# COVID-19 BAR CHART RACE OF INDIAN STATES
In this notebook, we're creating a bar chart race of Indian states showing the increasing cases on a day-to-day basis which at the end will tell us what are those states where there is a large number of corona confirmed cases, in other words, what are those states where there is high infection/spread of corona virus.

In [None]:
# This Python 3 environment comes with many helpful analytics libraries installed
# It is defined by the kaggle/python Docker image: https://github.com/kaggle/docker-python
# For example, here's several helpful packages to load

import numpy as np # linear algebra
import pandas as pd # data processing, CSV file I/O (e.g. pd.read_csv)

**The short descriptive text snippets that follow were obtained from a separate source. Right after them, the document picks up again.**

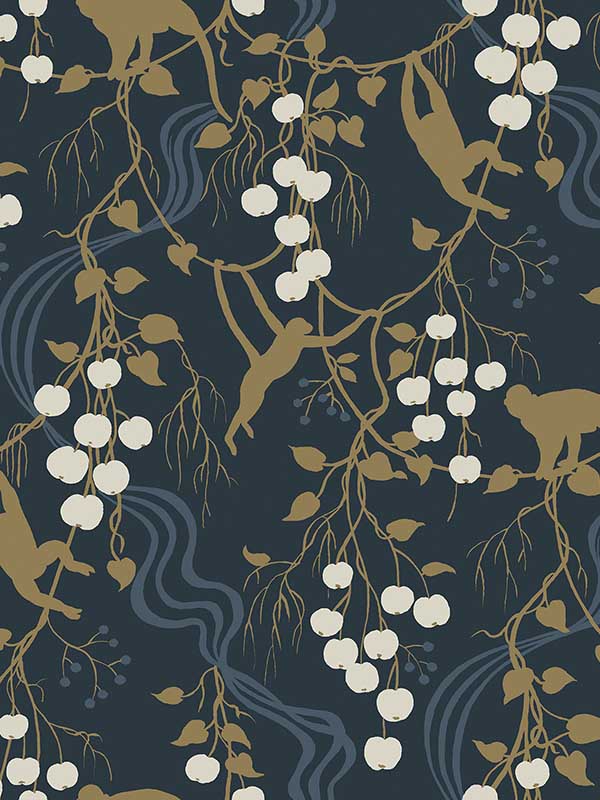 Linden Jungle Canopy wallpaper in navy color - pattern number 4147-80010 - by A Street Prints in the Haberdashery collection
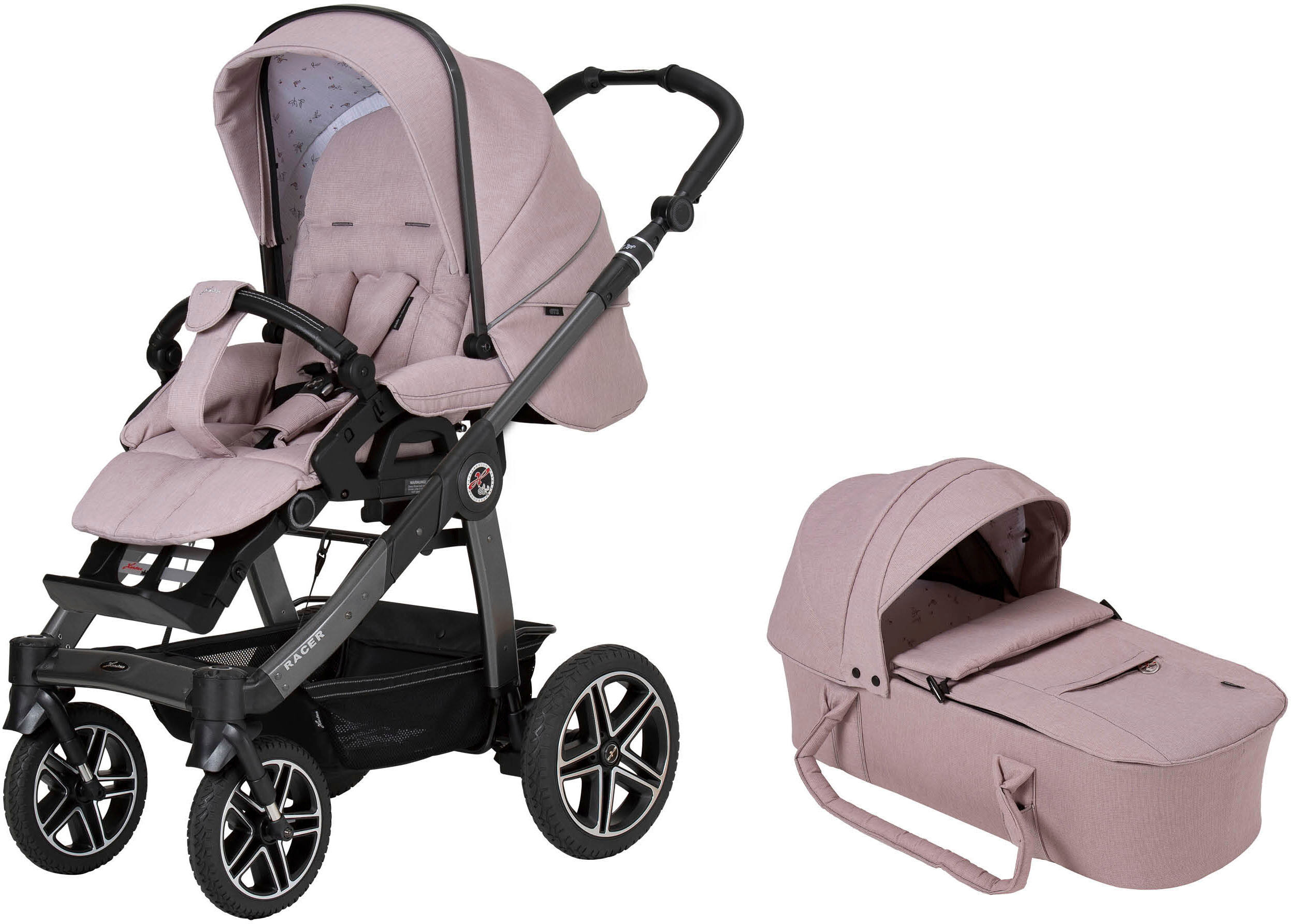 Kombi-Kinderwagen HARTAN "Racer GTS - Casual Collection" rosa (rosy birds) Baby Kinderwagen Kombikinderwagen mit Kombitasche; Made in Germany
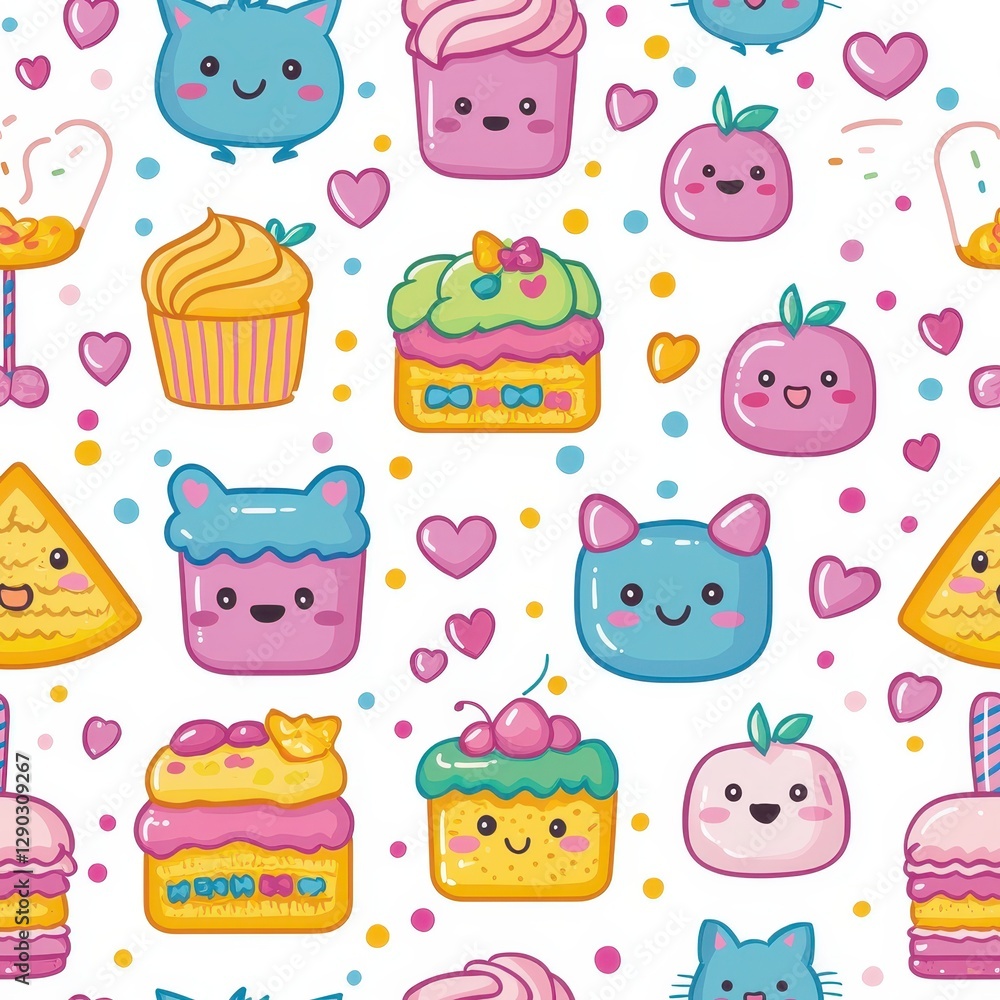 Playful pattern of cute cupcakes with colorful frosting and toppings creating a sweet and delightful culinary artwork Seamless Texture concepts Playful pattern of cute cupcakes with colorful frosting and toppings creating a sweet and delightful culinary artwork Seamless Texture concepts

# Input data files are available in the read-only "../input/" directory
# For example, running this (by clicking run or pressing Shift+Enter) will list all files under the input directory

import os
for dirname, _, filenames in os.walk('/kaggle/input'):
    for filename in filenames:
        print(os.path.join(dirname, filename))

# You can write up to 5GB to the current directory (/kaggle/working/) that gets preserved as output when you create a version using "Save & Run All" 
# You can also write temporary files to /kaggle/temp/, but they won't be saved outside of the current session

# Installing & importing required libraries

In [None]:
!pip install bar_chart_race

import bar_chart_race as bcr

# Loading required data into dataframe

In [None]:
India_df = pd.read_csv("/kaggle/input/covid19-in-india/covid_19_india.csv")
India_df.head()

# Finding if there is any null value in any column

In [None]:
India_df.info()

# Data Cleaning by removing duplicate rows, unwanted rows, changing states names etc.
In this dataset, we've rows where the data is duplicate so, we are deleting those rows.
Also, while converting dates into datetime format, it is by default taking the first dates(first two digits) as a month so, here we're using 'dayfirst=True' which then considers the first 2 digits of the dates as day & not the month. 

In [None]:
India_df.Date = pd.to_datetime(India_df['Date'], dayfirst=True)
India_df.drop(India_df.index[5091:5126], axis=0, inplace=True)
India_df

If we look at the State/Union Territory names then we've multiple names for the same state. Some having different spellings or combining two states into one. For ex- 'Telangana' as 'Telengana' or "Telengana***" or "Telangana***"; 'Dadra and Nagar Haveli and Daman and Diu' as separately 'Dadar Nagar Haveli' & 'Daman & Diu'. So, we're considering these names as single one.

In [None]:
India_df['State/UnionTerritory'].unique()

In [None]:
India_df['State/UnionTerritory'].replace({"Telengana" : "Telangana", "Telengana***" : "Telangana",
                                          "Telangana***" : "Telangana"}, inplace = True)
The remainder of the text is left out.